Азиатское меньшинство стало идеальной мишенью. Они были чужаками – потомками тех, кого британцы привезли в начале XX века для строительства железной дороги «Лунатик-экспресс» от порта Момбаса до озера Виктория. После завершения стройки в 1903 году около 32 тысяч индийских рабочих получили право остаться в Уганде. К 1970-м их потомки контролировали почти всю современную экономику.

Для простых угандийцев азиаты были живым напоминанием о колониальной расовой иерархии: белые управляли, азиаты торговали, африканцы работали на плантациях. После независимости политическая система изменилась, но экономическое неравенство сохранилось.

Угандийский писатель Дэвид Руберангира, живший в те годы в Кампале, вспоминал: «Мой отец тридцать лет работал кассиром в магазине индийца Рамеша Патела. Каждое утро он приходил к восьми, работал до семи вечера, получал 180 шиллингов в месяц. Патель жил в двухэтажном особняке с садом в престижном районе Кололо, отправил троих детей учиться в Лондон, ездил на новом «Мерседесе». Когда Амин объявил, что магазин теперь принадлежит африканцам, отец впервые за много лет улыбнулся».

Девяносто дней до катастрофы

Амин дал азиатам 90 дней на эвакуацию – достаточно для сбора вещей, но недостаточно для продажи имущества или перевода капиталов.

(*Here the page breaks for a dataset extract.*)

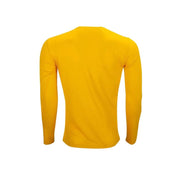 Men's Team Legend Top Size Small by Nike – Polyester, Sundown/Cool Grey, Model Long Sleeve Training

Это было сознательное решение: диктатор хотел захватить азиатскую собственность целиком, а не получить с нее налоги.

Ограничения были драконовскими: каждая семья могла взять с собой не более 120 долларов наличными (около 750 долларов в современных ценах) и 220 килограммов багажа. Банковские счета блокировались, недвижимость конфисковывалась, предприятия переходили под государственный контроль. Фактически 80 тысяч человек лишались всего, что накапливали поколениями.

Процедура эвакуации напоминала организованное унижение. В аэропорту Энтеббе азиатов заставляли раздеваться догола под предлогом таможенного досмотра. У них отнимали обручальные кольца, наручные часы, семейные фотографии – все, что представляло хотя бы минимальную ценность. Женщин принуждали к «гинекологическим осмотрам» в поисках спрятанных драгоценностей.

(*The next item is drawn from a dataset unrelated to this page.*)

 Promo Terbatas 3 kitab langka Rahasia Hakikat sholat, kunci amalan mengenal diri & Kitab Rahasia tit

Хариш Патель, владелец небольшой типографии в Кампале, вспоминал: «Нам сказали, что мы можем взять только самое необходимое. Я упаковал семейный альбом – сорок лет фотографий, свадьба родителей, рождение детей. На таможне солдат вытряхнул все фотографии и сказал: «Это не необходимое». Растоптал их сапогами. Моя дочь плакала три дня».

Международное сообщество отреагировало вяло и противоречиво. Великобритания была обязана принять около 30 тысяч азиатов с британскими паспортами, но делала это без энтузиазма. Премьер-министр Эдвард Хит заявил парламенту, что «правительство выполнит свои обязательства, но рассчитывает на понимание со стороны других стран Содружества».

Канада согласилась принять 7 тысяч беженцев, но ввела жесткие квоты и требования к образованию. США фактически закрыли границы, заявив о «неготовности инфраструктуры к приему большого числа иммигрантов». Только Индия приняла беженцев без ограничений, хотя многие из них никогда там не жили и не говорили на хинди.

За 90 дней из Уганды выехало 58 741 человек – почти три четверти всего азиатского населения. Оставшиеся 20 тысяч, в основном граждане Уганды, подвергались постоянным притеснениям и в большинстве своем покинули страну к концу 1973 года.

Раздача добычи

Конфискованное имущество азиатов стало крупнейшей в истории Уганды операцией по перераспределению собственности. 5655 предприятий, 4315 ферм и ранчо, тысячи домов, магазинов и мастерских были переданы «достойным африканцам» – понятие, которое Амин интерпретировал очень своеобразно.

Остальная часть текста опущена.